Bloomberg just put an AI agent inside the Terminal, and if you're still typing queries into search boxes, you're already behind.

The Summary

  • Kevin Sheekey demonstrated ASKB, Bloomberg's agentic AI, live at the Bloomberg Family Office Summit 2026 in Hong Kong
  • Bloomberg Terminal users now get an AI agent that works *inside* the workflow, not alongside it
  • This is the first major financial data platform embedding agentic AI directly into its core product

The Signal

Bloomberg didn't build a chatbot. They built an agent. The distinction matters. ASKB operates within the Bloomberg Terminal, the $24,000-per-year nerve center for global finance. That means 325,000 traders, analysts, and portfolio managers now have an AI that doesn't just answer questions, it acts on Terminal data in real time.

Kevin Sheekey, Bloomberg's Vice Chairman, chose the Family Office Summit in Hong Kong for the demo. Smart venue. Family offices manage trillions and increasingly automate research, compliance, and portfolio rebalancing. They're early adopters who'll pay for tools that compress decision cycles from hours to minutes.
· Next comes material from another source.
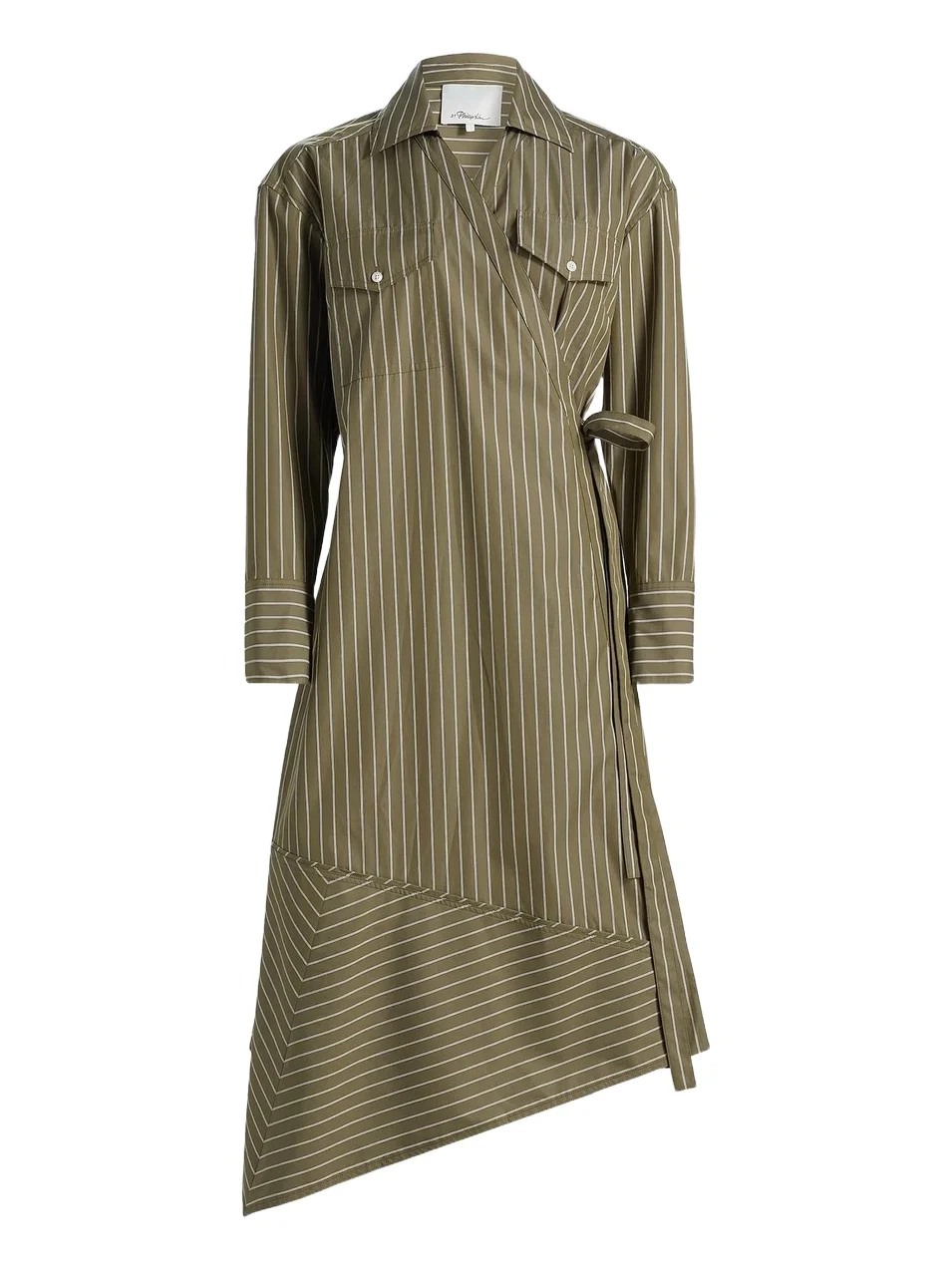 Women's Asymmetric Striped Poplin Wrap Shirtdress Women's Asymmetric Striped Poplin Wrap Shirtdress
The play here is clear: Bloomberg is racing to become infrastructure for the agent economy before someone unbundles them. Financial data has always been a moat business. High switching costs, proprietary feeds, entrenched workflows. But LLMs can now parse SEC filings, earnings calls, and market data from any source. Bloomberg's response is to make their Terminal the place where your agents live and work, not just where you pull data to feed other tools.

The Implication

If you're building financial agents or tools that ingest market data, watch how Bloomberg prices and gates ASKB access. They could open APIs and become the AWS of financial agents. Or they could lock it down, force competitors to build around them, and trigger a wave of startups trying to replicate Terminal data on open infrastructure. Either way, agentic AI just became table stakes for any serious financial software. The Terminal isn't just a data feed anymore. It's an operating system.